An average Chummy Ladies tour will add over 400 miles to the odometer over all kinds of terrain, so Margaret is confident that the Chummy will be able to handle the challenging Chateau Impney course. “Oh, he’ll be top notch!” said Margaret. “My mechanic says I can run him from John O’ Groats to Land’s End and back again. But hopefully, my mechanic will come along to the Hill Climb just in case we need to make any adjustments.”
Margaret is no stranger to the Chateau Impney Hill Climb. If you spent any time in the paddock at 2015’s event, you would have heard Margaret making important announcements over the tannoy, calling cars into position and making sure that everything ran on time. However, behind that calm exterior was a burning desire to get off the sidelines and onto the hill.
Thanks to her experience as a paddock marshal, she knows the Chateau Impney course inside-out, and is determined to make sure that the Chummy has a spectacular debut at the Hill Climb.
Margaret will be joined on the hill by her husband, who will be marshalling over the weekend. The two have been marshalling together at various VSCC meets over the past few years and have shared a love of motorsport since they first met. “I’ll have to be very sensible and very careful as I pass him by at the Hill Climb.
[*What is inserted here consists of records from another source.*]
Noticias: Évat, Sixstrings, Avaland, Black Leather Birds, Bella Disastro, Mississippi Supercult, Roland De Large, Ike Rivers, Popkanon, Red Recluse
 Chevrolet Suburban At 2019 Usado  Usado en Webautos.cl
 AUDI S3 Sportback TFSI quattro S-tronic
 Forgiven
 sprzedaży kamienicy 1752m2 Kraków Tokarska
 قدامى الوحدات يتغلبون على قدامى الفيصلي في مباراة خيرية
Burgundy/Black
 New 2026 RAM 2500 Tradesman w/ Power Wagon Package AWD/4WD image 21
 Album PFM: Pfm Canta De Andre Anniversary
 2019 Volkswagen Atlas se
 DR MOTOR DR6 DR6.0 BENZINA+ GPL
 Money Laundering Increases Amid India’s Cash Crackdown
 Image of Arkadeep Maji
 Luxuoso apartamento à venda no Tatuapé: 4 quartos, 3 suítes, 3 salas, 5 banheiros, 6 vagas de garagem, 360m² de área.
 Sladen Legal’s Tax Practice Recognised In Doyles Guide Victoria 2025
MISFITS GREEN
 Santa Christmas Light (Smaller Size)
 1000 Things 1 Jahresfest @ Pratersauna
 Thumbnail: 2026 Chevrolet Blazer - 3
But he said that they’ll probably go off to lunch when I start, and by the time they’ve come back, I’ll have just reached the top of the hill, which is most unkind!”
“If the Fiat S76 is the ‘Beast of Turin’, then Clive is the ‘Lamb of Longbridge’ – but it’ll be good fun all the same, and I’ll make sure that Clive will be hot-footing it up the hill as fast as he can!”
We wish Margaret the very best of luck, and we look forward to helping her write a new chapter in the Chummy’s story.